The Data Incubator gave me a lot of experience handling data in a way that I didn’t get in an academic environment. The data sets were big, messy, and realistic. In addition, I thought that the capstone was an excellent way to get into a more industrial environment. The Data Incubator required a lot of database management, web scraping, and the like, which I didn’t get in the academic setting I came from
I also felt that The Data Incubator gave me a number of excellent opportunities. It may seem frustrating at times, but the partners really do want to hire Fellows, and The Data Incubator’s salary and compensation ranges are very accurate (in my experience). I’m not sure I would have gotten the same response rate and offers if I hadn’t been applying through the fellowship.

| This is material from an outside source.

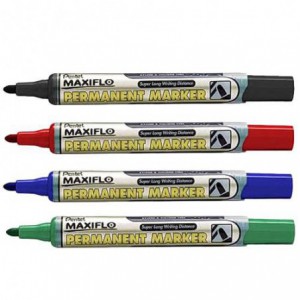 Permanent marker PENTEL Maxiflo - negru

What advice would you give to someone who is applying for The Data Incubator, particularly someone with your background?
Start the capstone early, work with the other Fellows, and don’t be afraid to ask for help. That’ll get you through 90% of the work. The other 10% is banging your head against the grader and figuring out which settings the grader is looking for.
When you’re applying to partners’ job posts, keep on them. I frequently had to pester the partners once or twice before they got back to me, but they almost always did. If they don’t, talk to the Partnerships team – they’re very helpful, and they have more leverage to get the partners moving again than you do.
What is your favorite thing you learned at The Data Incubator?
Distributed computing (Spark and MapReduce). I wish we’d done Spark earlier, and I wish we’d done more of it, but that’s not a mark against the program.
Could you tell us about your Data Incubator Capstone project?
I built a web app to scan documents for in-text citations, search a database for them, then generate a bibliography.
How did you come up with the idea for the project?
I went through grad school and really wanted to automate the citation process.
What technologies did you use and what skills did you learn at TDI that you applied to the project?
I built everything in python. I used Spacy and Textacy for text analysis, Flask for the website, D3 for visuals, API scraping, basic ML, and a number of other tools.
Describe the business application for this project (how could a company use your work or your data)
This is a consumer-facing project. If it was perfected and brought to market, I’m sure the demand among academics would be nontrivial.